Stocks slip as China fails to announce new stimulus at Congress

BEIJING – In China, where every political decision is taken behind closed doors, the authorities attach extraordinary importance to the public set-pieces of the political calendar, such as the annual meeting of the National Peoples Congress, China’s putative parliament.

Sometimes the NPC pretends to debate issues that matter, even though they have been decided beforehand according to the will of Communist party leaders. (Read the Monitor’s coverage of the 2007 “rubber stamp” session here.)

This year, some officials tried to drum up a little media excitement in advance of Thursday’s opening of the NPC by dropping hints that Prime Minister Wen Jiabao would unveil a new and expanded economic stimulus package. Asian stock markets rose the day before in anticipation, but ended mixed Thursday after Mr. Wen offered nothing of the sort – just a rehash of existing policy. (Click here for the Monitor’s story on China’s $586 billion stimulus package announced last November.)
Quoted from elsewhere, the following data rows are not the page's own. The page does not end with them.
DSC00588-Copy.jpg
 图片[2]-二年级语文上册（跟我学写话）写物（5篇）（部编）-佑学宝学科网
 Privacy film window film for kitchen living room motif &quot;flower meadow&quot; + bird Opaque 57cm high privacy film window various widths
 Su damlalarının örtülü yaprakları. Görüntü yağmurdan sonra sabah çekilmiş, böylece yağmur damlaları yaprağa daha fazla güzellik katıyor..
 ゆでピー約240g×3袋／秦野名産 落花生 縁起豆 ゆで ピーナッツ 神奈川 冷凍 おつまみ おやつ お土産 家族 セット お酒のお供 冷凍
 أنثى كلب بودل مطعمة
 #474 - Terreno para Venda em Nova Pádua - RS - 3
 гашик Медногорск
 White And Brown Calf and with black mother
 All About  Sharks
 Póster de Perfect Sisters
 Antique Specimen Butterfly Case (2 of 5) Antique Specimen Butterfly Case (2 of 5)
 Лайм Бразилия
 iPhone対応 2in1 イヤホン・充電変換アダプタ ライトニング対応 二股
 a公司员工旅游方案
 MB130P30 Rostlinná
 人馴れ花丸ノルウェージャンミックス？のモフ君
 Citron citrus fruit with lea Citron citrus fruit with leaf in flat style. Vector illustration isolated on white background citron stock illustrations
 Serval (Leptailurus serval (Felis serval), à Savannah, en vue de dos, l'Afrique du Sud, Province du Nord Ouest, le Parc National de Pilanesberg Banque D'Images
In his two-hour-long address, he devoted as much time to promises to create jobs, expand social security coverage, and pump money into the impoverished countryside as a Western politician seeking election, saying that such measures would help China reach its growth target of 8 percent. Wen doesn’t need votes, but he needs social stability. That is what this week-long People’s Congress is going to be all about.